Book review: Portrait Of A Thief pulls off a post-colonial art heist

American debut author Grace D. Li's Portrait Of A Thief. PHOTOS: TINY REPARATIONS BOOKS, YI LI

Portrait Of A Thief

By Grace D. Li
Fiction/Coronet/Paperback/376 pages/$29.95/Buy here/Borrow here
3 out of 5

In 1860, British and French invading forces burned down the Old Summer Palace of Beijing and looted its treasures. Scattered across the Western world, many have yet to make it home.

American debut author Grace D. Li carries out a fictional repatriation in her crime novel with a conscience, which blends post-colonialist principles with heist high jinks.

Much of the pleasure of genre fiction comes from how it uses its archetypes. In the heist genre, it is who makes up the crew: the mastermind, the grifter, the hacker, the driver, the inside man and so on.

Li's thieves fall neatly into these archetypes, but with a twist: They are university students in their 20s, the American children of Chinese immigrants. None has ever committed a crime - or, at least, been caught for it.

When Harvard University art history student Will Chen, 21, witnesses a bold theft of Chinese art from a Boston museum, one of the thieves leaves him a note.

It leads him to a cryptic Chinese corporation and the offer of a lifetime: US$50 million (S$70.3 million) to steal five looted Summer Palace sculptures from museums across Europe and America and restore them to China.

Will ropes in his sister Irene, a public policy major who has spent years honing her gift for making the world cleave to her, and their childhood friend Daniel Liang, the estranged son of a Federal Bureau of Investigation agent.

Rounding out their team are Lily Wu, Irene's daredevil roommate who races cars by night, and Will's ex-girlfriend Alex Huang, who left Massachusetts Institute of Technology for a Silicon Valley job to help keep her family's restaurant afloat.

They are bankrolled by a mysterious billionaire, one of the wealthy young scions who belong to China's elite fu er dai.

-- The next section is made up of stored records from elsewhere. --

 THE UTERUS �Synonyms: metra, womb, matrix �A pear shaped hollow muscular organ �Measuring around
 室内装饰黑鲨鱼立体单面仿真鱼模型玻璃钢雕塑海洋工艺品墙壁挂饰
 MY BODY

Everything Will's team knows about heists comes from historical research or movies like Ocean's Eleven (2001) and the Fast & Furious franchise (2001 to present).

That they might succeed is improbable - but also, nobody will see them coming. And fiction may not be stranger than reality. After all, Li based her heists on a real-life string of Chinese art thefts from European museums.

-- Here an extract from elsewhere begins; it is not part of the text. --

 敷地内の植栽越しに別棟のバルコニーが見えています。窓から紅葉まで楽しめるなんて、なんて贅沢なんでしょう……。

Li's prose is unusually lyrical, given the genre. She writes with a painterly eye, with charcoal motion and cadmium yellow flowers, and imbues with beauty "the slow, complicated matter of peeling a museum apart".

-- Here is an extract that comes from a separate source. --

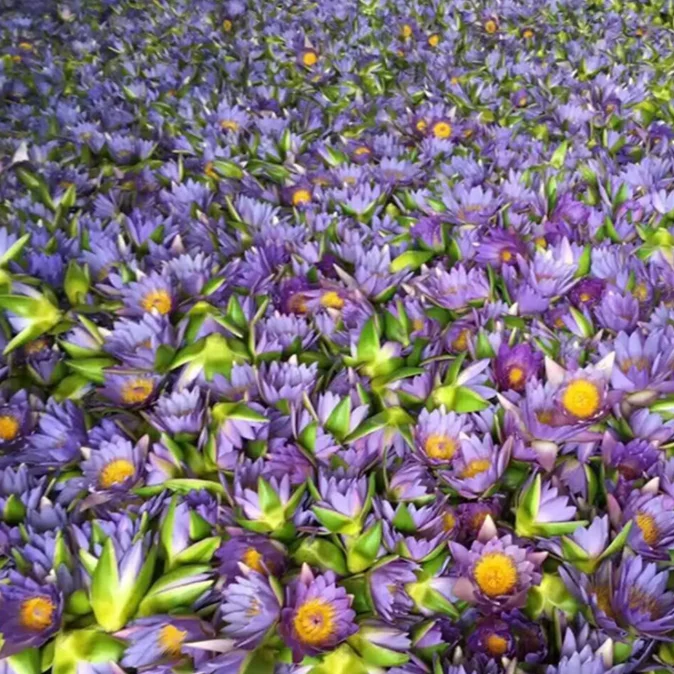 Direct sales at the price of origin Blooming Tea Blue Lotus Vacuum Pack Dried Blue Lotus flower tea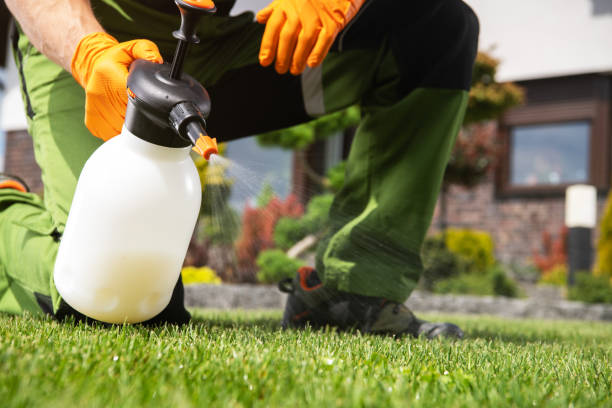 Best Termite Control Services  in Yankton, SD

But she is also prone to repetition to drive home her point, whether it is Will's idealism, Alex's impostor syndrome or Lily's constant urge to run away. This slows down what could otherwise be a slickly delivered story.

Her characters are caught between America and China, a foot in either culture while belonging wholly to neither.

Li is careful not to draw a clear-cut binary between East and West - the team are under no illusions that they will receive Chinese protection if they are caught, and Irene observes that China, too, can "take and take and take".

The novel does not delve further into the issue of Chinese imperialism, however, which leaves it unbalanced in its ideals.

But while the painful debate over whether museums should repatriate looted artefacts continues to rage in reality, here, at least, is some fictional satisfaction.

If you like this, read: The Gilded Wolves by Roshani Chokshi (Wednesday Books, 2018, $23.99, buy here, borrow here). In this fantasy heist set in 1889 Paris, mixed-race hotelier Severin Montagnet-Alarie assembles a team of thieves from dispossessed backgrounds to steal an ancient artefact of magic from a powerful house.